Poe’s body snatched from grave, sold to med school

In 1849, Edgar Allan Poe, the tortured literary maestro was reportedly laid to rest at Westminster Church and Cemetery in West Baltimore where he remains for eternity.

Or  maybe not.

Sam Porpora, the colorful 93-year-old Catonsville resident and one-time curator of the Edgar Allan Poe House, says the famous writer’s body was snatched from the grave and sold to the University of Maryland School of Medicine for research purposes.

The medical school sits within the shadow of the cemetery at N. Greene and W. Fayette Streets.

“This is a helluva story,” Porpora said, “if it’s handled properly…. Body-snatching was big business and paid well. And the medical school was just a few feet away. The upper windows look down on the cemetery. Twenty dollars for a body? That was a lot of money in those days.”

Not so fast, countered Jeff Jerome, the curator of the Poe House, who Porpora met decades ago while a teenaged Jerome worked as a tour guide at the Poe House. 

“This story about Poe’s grave being robbed by body-snatchers has been around for a long time. It’s an interesting story. It’s got goose bumps written all over it, but there’s no evidence whatsoever that body-snatchers robbed the grave of Edgar Allan Poe.”

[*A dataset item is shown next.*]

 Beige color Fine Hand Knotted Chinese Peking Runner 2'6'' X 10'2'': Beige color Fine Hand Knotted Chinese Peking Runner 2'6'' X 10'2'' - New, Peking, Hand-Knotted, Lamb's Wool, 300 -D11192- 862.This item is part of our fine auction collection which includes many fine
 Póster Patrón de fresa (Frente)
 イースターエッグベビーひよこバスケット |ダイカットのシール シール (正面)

Jerome said it was legal for doctors and students to dissect cadavers, “without fear of being arrested or burned out of the medical hall.” When Poe’s body was moved in 1975, Jerome added, “there was a skeleton in the coffin. Of course, people say they moved the wrong body. There’s no evidence of that either.”    

Robert J. Brugger, a senior editor at The Johns Hopkins University Press and noted authority on Maryland history, said the story “is probably impossible to confirm or deny. There was such a practice as body-snatching, he said, “but I’m not sure anybody would have dug up an identified grave for the medical school, the easiest source being those of paupers, unknowns.”

But the irascible Porpora is sticking to his version. “A caretaker named George W. Spence witnessed activity at Poe’s grave the evening of his burial,” Porpora said with childlike wonder. “A few men had exhumed Poe and told Spence they were taking him to France. Hello! What else would you expect a body-snatcher to say?” Poe’s poems and stories, he observed, drew a wider audience in France than in the United States.  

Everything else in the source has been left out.